─── RECORDS PROVIDED ───
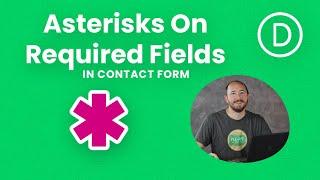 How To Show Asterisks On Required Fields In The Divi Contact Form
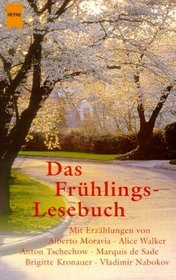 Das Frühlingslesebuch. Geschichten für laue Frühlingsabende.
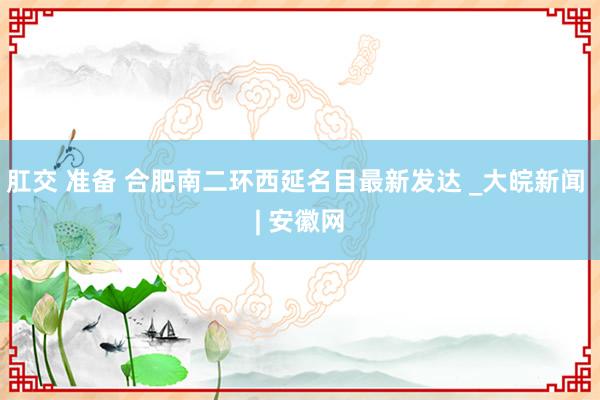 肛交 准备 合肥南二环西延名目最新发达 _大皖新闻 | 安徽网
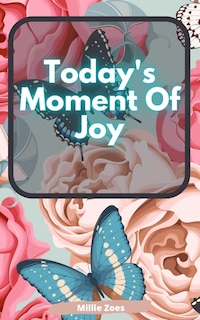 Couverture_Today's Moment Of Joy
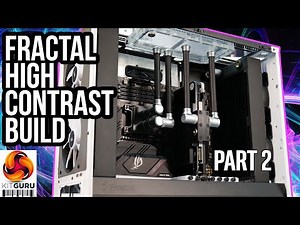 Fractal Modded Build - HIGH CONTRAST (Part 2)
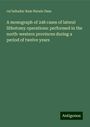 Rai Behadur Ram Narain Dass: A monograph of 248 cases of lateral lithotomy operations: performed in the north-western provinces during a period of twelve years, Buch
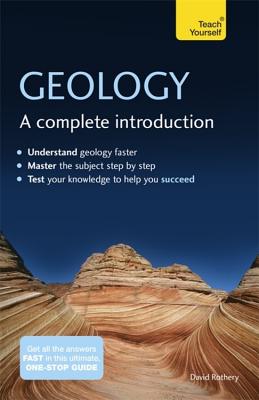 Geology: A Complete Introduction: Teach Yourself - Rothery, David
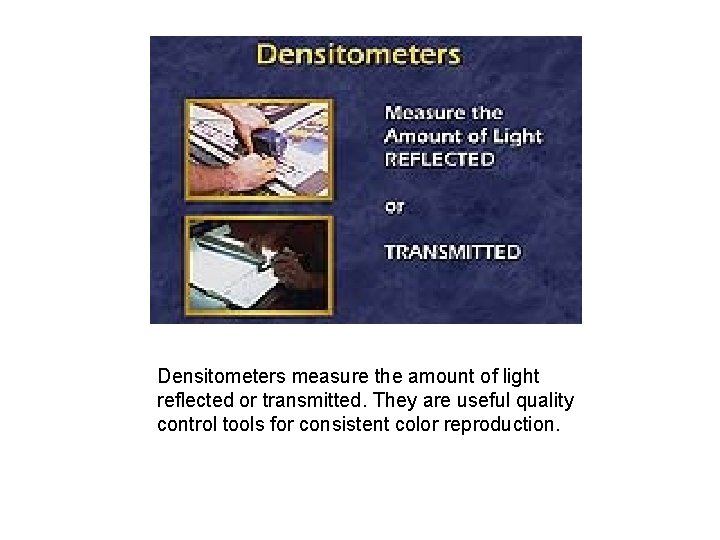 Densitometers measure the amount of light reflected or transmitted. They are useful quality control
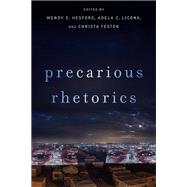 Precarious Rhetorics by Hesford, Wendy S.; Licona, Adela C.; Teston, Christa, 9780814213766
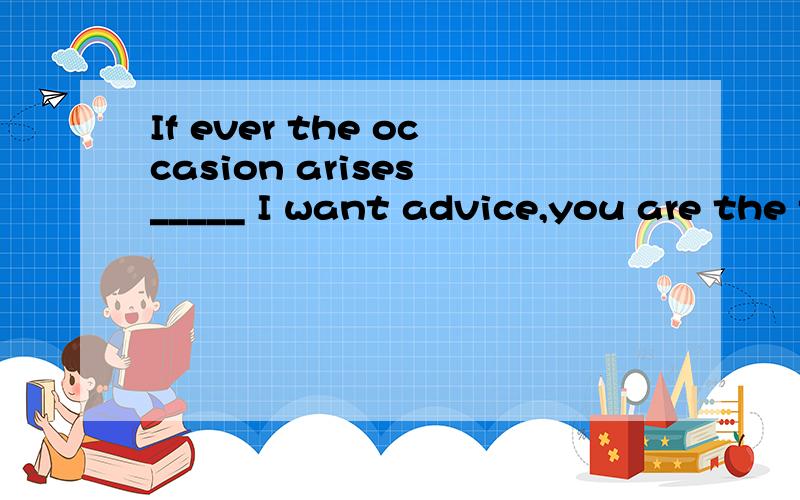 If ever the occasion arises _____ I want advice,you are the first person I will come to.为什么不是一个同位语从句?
───
## PROBLEM STATEMENT
Skip every image and output the remaining records exactly.

## ANSWER AREA
 How To Show Asterisks On Required Fields In The Divi Contact Form
 Das Frühlingslesebuch. Geschichten für laue Frühlingsabende.
 肛交 准备 合肥南二环西延名目最新发达 _大皖新闻 | 安徽网
 Couverture_Today's Moment Of Joy
 Fractal Modded Build - HIGH CONTRAST (Part 2)
 Rai Behadur Ram Narain Dass: A monograph of 248 cases of lateral lithotomy operations: performed in the north-western provinces during a period of twelve years, Buch
 Geology: A Complete Introduction: Teach Yourself - Rothery, David
 Densitometers measure the amount of light reflected or transmitted. They are useful quality control
 Precarious Rhetorics by Hesford, Wendy S.; Licona, Adela C.; Teston, Christa, 9780814213766
 If ever the occasion arises _____ I want advice,you are the first person I will come to.为什么不是一个同位语从句?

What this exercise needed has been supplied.